И вдруг ни с того ни с сего она почтительно обращалась к чуланчику.
— Батюшка, скажи, не прогневайся: к добру или к худу?
И прислушивалась чутко и терпеливо. Потом с доброй улыбкой сообщала:
— Спит. Слышишь, как посапывает? Не тревожится.
Значит, к добру. А уже когда к худу-то — целые сутки, ночь-полночь, так и тоскует, так и возится, стонет. Перед моей болезнью больно уж беспокоился: по ночам будил — ползает вдоль лавок и тоскует… «Наталья, худо… худо, Наталья…» Бывало, закряхтит, завозится, так я его скоро успокаивала. Скажешь: «Батюшка, милый, иди на место, не майся. Кто нас, бедных, тронет: никому-то мы не нужны, и никто-то зла от нас не видит». Ну, и уходит.
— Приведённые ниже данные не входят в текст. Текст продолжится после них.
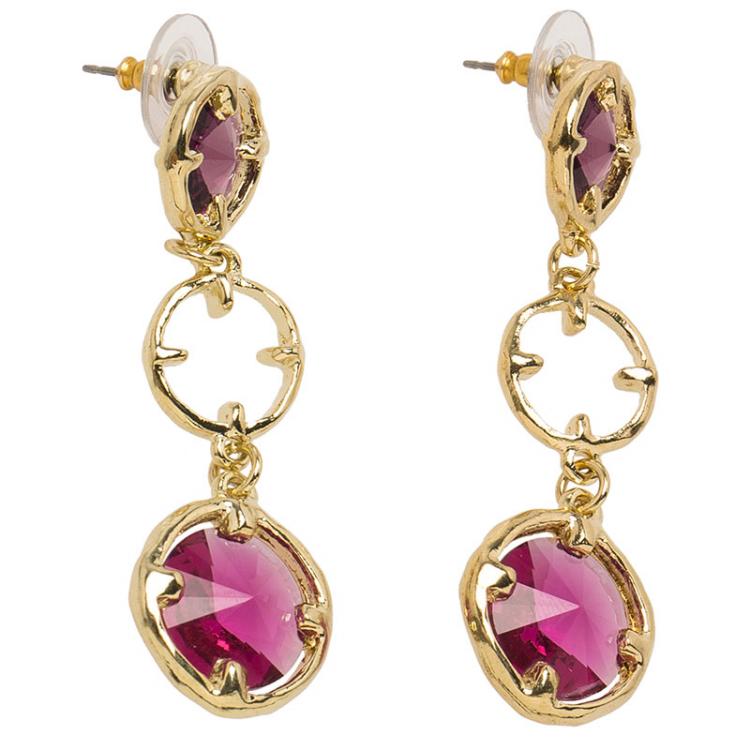 Pre Owned Oscar de la Renta Magenta Crystals Gold Tone Long Earrings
А тут не знаю, что с ним сделалось — тоскует и тоскует, всю ночь покою не дает, сама с ним измаялась.
— А какой он? Я его ни разу не видал. Он со стариками водится, что ли?
— Он-то? — улыбнулась она, но вдруг, спохватившись, погрозила мне пальцем. — А ты молчи! Обидишь его, так он беды еще накличет. Об нем и говорить-то нельзя: он этого не любит. С ним сдружиться надо, ублажать: страсть любит, когда ему кусочек сахару положишь, — зубов-то у него нет, ну и чмокает, сосет, облизывается, как младенец малый. — И она прошептала мне в ухо да еще ладошкой губы прикрыла. — Старичок он эдакий горбатенький… и не ходит, а ползает. Ты не бойся: он у меня добренький.
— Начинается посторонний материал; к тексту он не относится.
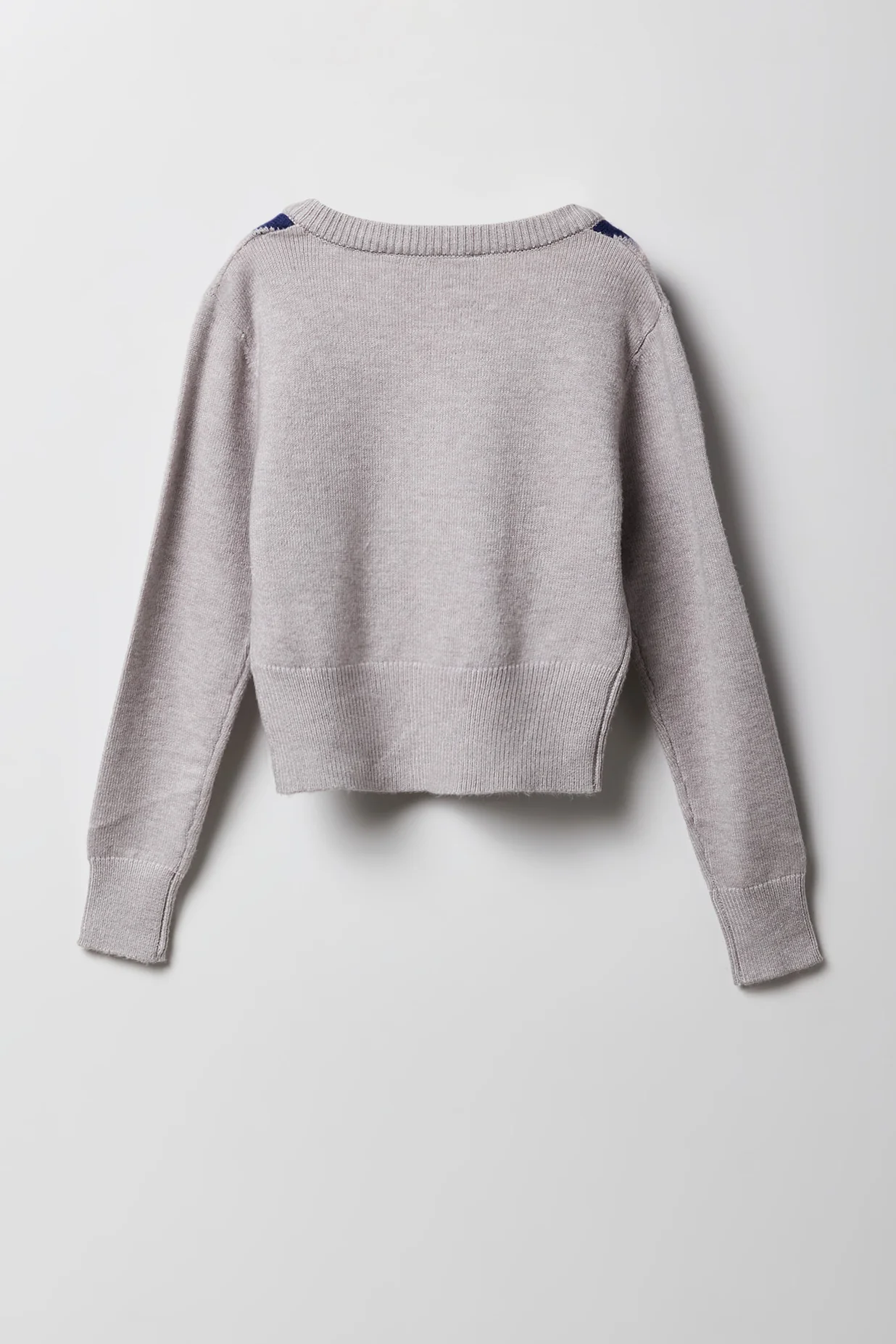 Girls Argyle Knit V-Neck Sweater - Image 2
Пока топилась печь и варились щи и каша, я тоже сидел на лавке за столом и читал ей гражданскую книжку: «Бог правду видит, да не скоро скажет», а чаще слушал ее разговор. Иной раз мне казалось, что она не со мной разговаривает, а сама с собой. Лежит на постели под лоскутным одеялом, с шубенкой в ногах, смотрит в потолок или с закрытыми глазами говорит долго о том, о сем, что придет в голову, а на мои вопросы не отвечает. И слушать ее всегда было интересно, хотя бы говорила она о всяких мелочах, о том, что мне давно уже известно.
— Ничего нет дороже бабьей слезы, Феденька. Помни это. Каждая материна слеза — за тебя, милый, чтобы ты человеком стал… А кровь наша… — придет такое времечко… вспыхнет кровь-то… полымем вспыхнет…
Она замолкала на некоторое время от утомления и морщилась от боли. Потом застывала, как мертвая. И опять начинала говорить слабым голосом:
— Жили в крепости, на бар работали, вроде лошадей.